Augustin est dès lors converti. Il est à ce moment avec son ami Alypius. Il poursuit ainsi son récit (ibid.) : “Aussitôt nous nous rendons auprès de ma mère, nous lui disons tout : elle se réjouit. Nous lui racontons comment la chose s’est passée : elle exulte, elle triomphe. [...] Vous m’aviez si bien converti à vous que je ne songeais plus à chercher femme et que je renonçai à toutes les espérances du siècle, debout désormais sur cette ‘règle de foi’ où vous m’aviez montré à ma mère, tant d’années auparavant”.

Augustin l’a dit, on l'a lu : le mariage s’assimile à la concupiscence des “plaisirs impudiques du lit”, dont, pour les avoir connus, il pense qu’y succomber relève d’une sorte de paresse spirituelle (on l’a entendu). Le célibat, dans la chasteté, est nettement plus “parfait”, au point que la conversion, ultimement, s’y assimile. Cet état de perfection consistant à être “revêtu” du Christ.

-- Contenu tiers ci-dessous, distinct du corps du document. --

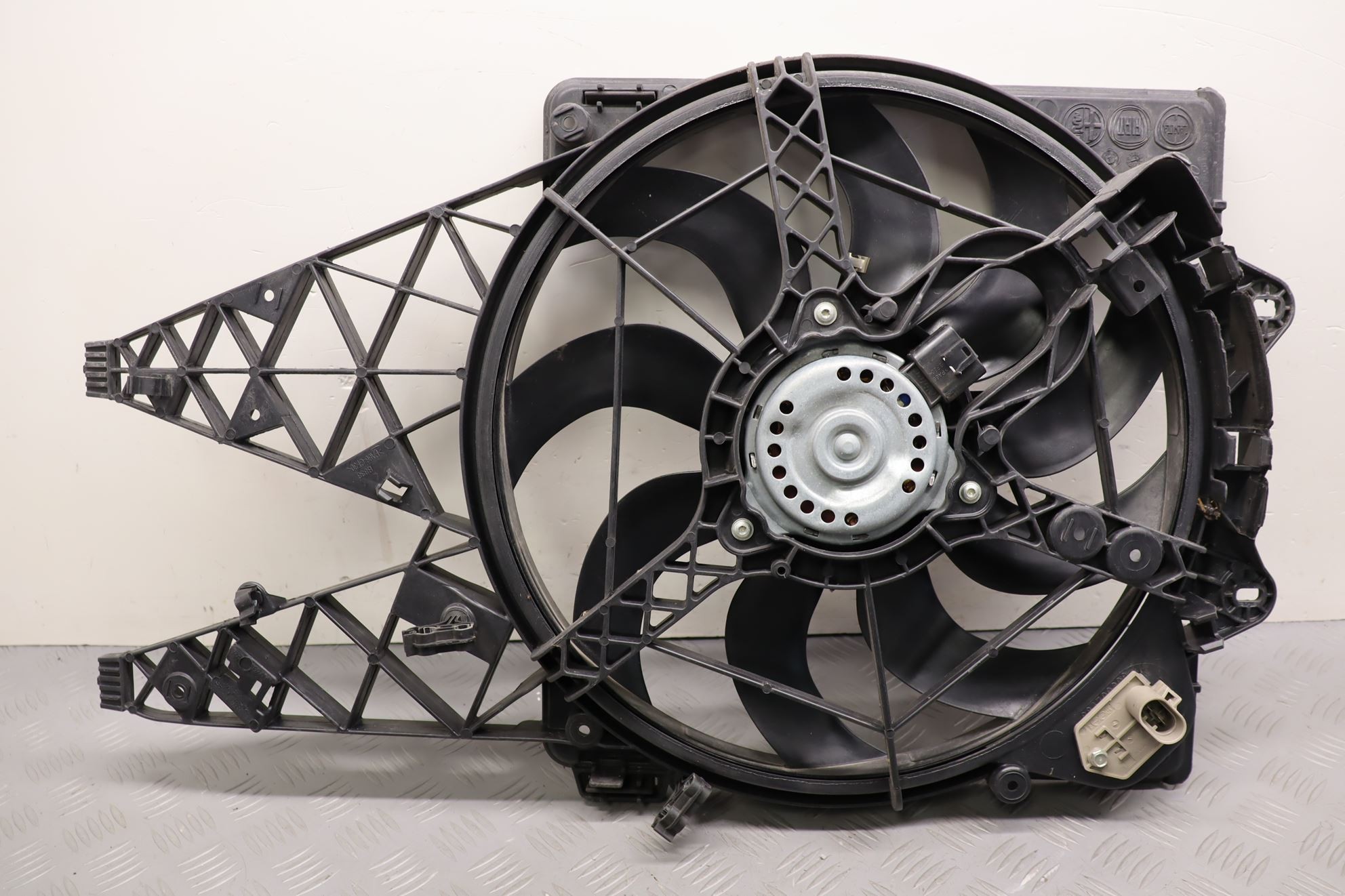 VENTILATEUR DE REFROIDISSEMENT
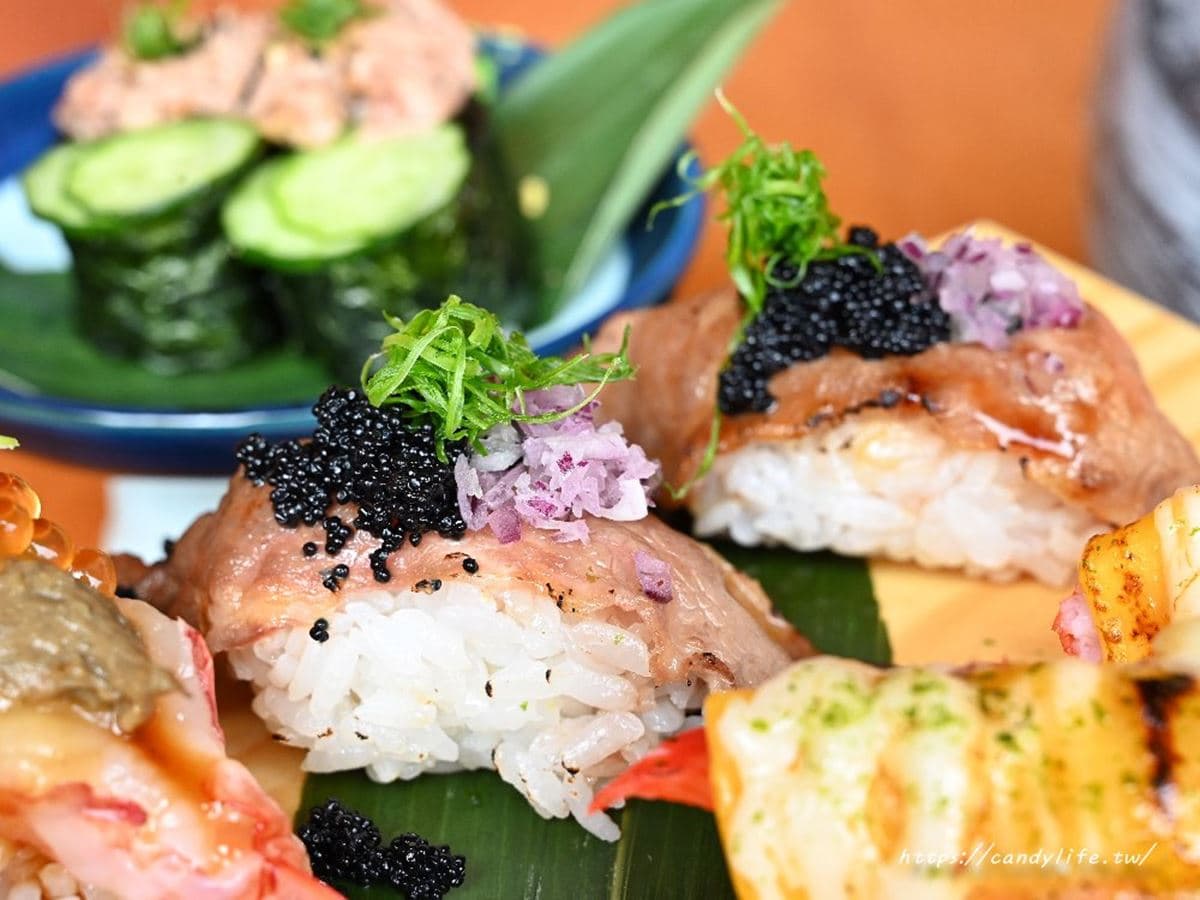 秒飛日本吃壽司!台中最夯「浮誇壽司」超狂給料不手軟,厚切鮭魚一口塞不下 秒飛日本吃壽司!台中最夯「浮誇壽司」超狂給料不手軟,厚切鮭魚一口塞不下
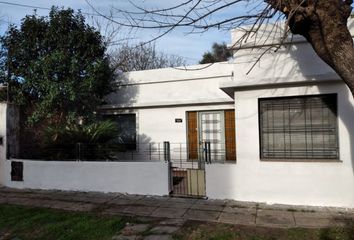 Casa en  Castelar, Partido De Morón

Hiérarchie à deux pôles donc : le mariage, relevant de la chair, au cœur duquel subsiste le péché, lié à la concupiscence qui accompagne l’union sexuelle et par laquelle se transmet le péché originel. Et le célibat dans la chasteté, état de perfection, que désire tout chrétien médiéval, cela d’une façon parfois des plus radicales.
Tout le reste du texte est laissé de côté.